Der Kellner brachte ein kleines Tablett mit Espresso, Wasserglas und Zuckertütchen. Wartensteiner nahm eines der Tütchen, schüttelte es und ließ die Kristalle in die Tasse rieseln. Sie ruhten einige Sekunden lang auf der Crema und sanken dann abrupt zu Boden. Genau so, dachte er, war es auch an jenem Morgen im September gewesen: ein Augenblick der Verzögerung, dann versank das schöne Geld im schwarzen Loch der Insolvenz. Denn ein argloser Sachbearbeiter hatte das Guthaben routinemäßig erhöht. Damit war das Konto schon Minuten später wieder gedeckt, die Zahlung konnte erfolgen, und mit der stillen Eleganz eines technischen Vorgangs nahmen die Dinge ihren Lauf. Meinen business angel nannte Wartensteiner den armen Tropf, dessen blindes Systemvertrauen seinen maliziösen Plan vor dem Scheitern bewahrt hatte.

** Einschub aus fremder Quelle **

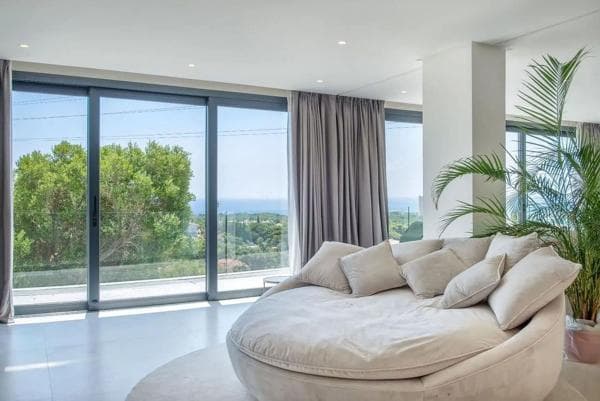 Independent chalet for sale in Calle Dalia, Marbella
photo 1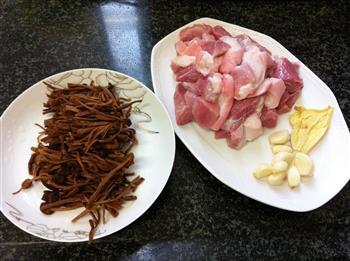 菰米茶树菇红烧肉的做法图解5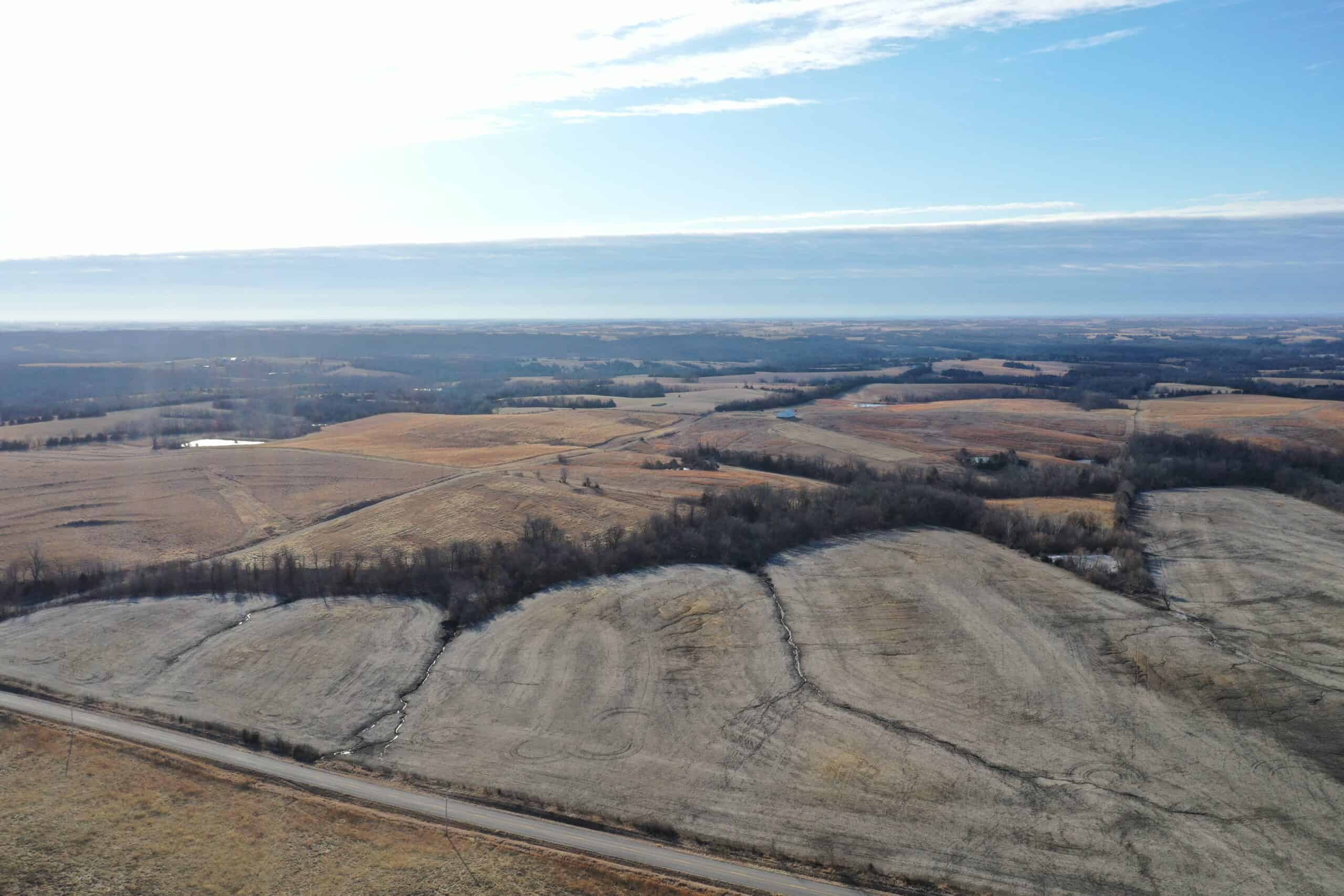 Albany, Mo farm with 196 m/l Acres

Alles weitere verlief so herrlich reibungslos und still, dass es geradezu unwirklich war: Das Swift-System verbuchte den Eingang, die Gutschrift wurde erstellt, was ausblieb, war die Gegenzahlung. Viele hundert Millionen Euro verschwanden für immer. SWIFT: Society for Worldwide Financial Telecommunication, zoologisch: der Segler, als Adjektiv: flink, flüchtig. Ein gut funktionierendes System, zuverlässig, keine Chance auf Rückzahlung. Die Daten werden effizient übertragen. Nur ein Tastendruck und das Geld ist weg, unwiderruflich.
Wartensteiner sah sich im Kaffeehaus um. Plötzlich war er der einzige Gast. Nicht nur der Journalist hatte das Lokal verlassen, auch eine Reisegruppe, die eben noch angeregt plauderte, war verschwunden. Er zog seinen Regenmantel beiseite, um freie Sicht durch die hohe Schiebetür zu bekommen, die ihn vom vorderen Bereich des Lokals trennte. Auch dort war niemand zu sehen, nicht einmal das Personal. Er stand auf und ging zur Eingangstür. Unter den Linden, wo die Kellner an Sonnentagen die Straße überquerten, um den Pavillon auf dem Mittelstreifen zu versorgen, schüttete der Regen immer stärker herab. Die Lichter der Autos spiegelten sich auf dem nassen Asphalt. Wartensteiner meinte, das Zucken von Blaulichtern zu erkennen und sah, wie in der Nähe des Lokals Absperrgitter aufgestellt wurden. Er musste dringend Schröder anrufen, um Details über Krons Ableben in Erfahrung zu bringen. War es Kron gelungen, einen Anfangsverdacht gegen ihn einzufädeln? Rückte da draußen die Polizei an, ausgerechnet jetzt, wo Whitman in jeder Minute auftauchen konnte?